The CLT Theorem:
The distribution of sample statistics (e.g. mean) is approximatively normal, regardless of the underlying distribution, with mean = \(\mu\) and variance = \(\sigma^2\)
To experiment this theory, we've built a matrix with 40 exponentials (we take lambda=0.2) x 1000 and compute the mean of each row, storing the result in a means vector:
set.seed(1234)
n <- 40
nosim <- 1000
lambda <- 0.2
means <- apply(matrix(rexp(nosim * n, lambda), nosim), 1, mean)
head(means)
## [1] 4.602510 6.017790 5.463686 4.176755 7.144672 4.427567
and plot an histogram of the means vector and the density distribution:
library(ggplot2)
dat <- data.frame(x = 1:nosim, y = means)

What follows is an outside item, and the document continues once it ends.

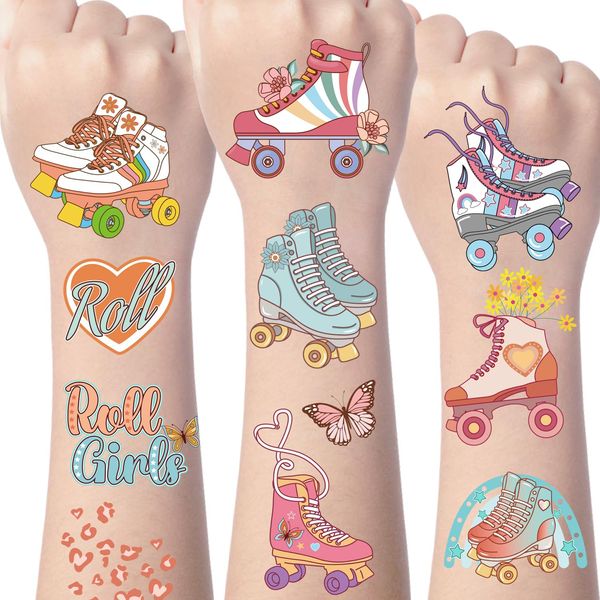 Gameza Roller Skate Temporary Tattoos - 200+ Roller Skating Party Favors Decorations Boho Groovy Roller Skate Birthday Party Gifts Favors Retro 70s Roller Skate Roll Girls Temporary Tattoos Stickers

ggplot(dat, aes(x = y)) + geom_histogram(colour = "black", fill = "white") +
geom_vline(aes(xintercept = mean(y)), color = "red", linetype = "dashed",
size = 1) + labs(x = "Means", y = "Frequency", title = "Means Frequency")
ggplot(dat, aes(x = y)) + geom_histogram(binwidth = 0.3, colour = "black", fill = "white",
aes(y = ..density..)) + stat_function(fun = dnorm, args = list(mean = 1/lambda,
sd = 1/lambda/sqrt(n))) + labs(x = "Means", y = "Dendity", title = "Distribution") +
geom_density(alpha = 0.2, fill = "#FF6666")
To confirm this distribution fits the normal distribution, we've draw the hump of the density of a random variable normally distributed with a mean \(1/\lambda\) and a standard deviation \(\frac{1/\lambda}{\sqrt{n}}\).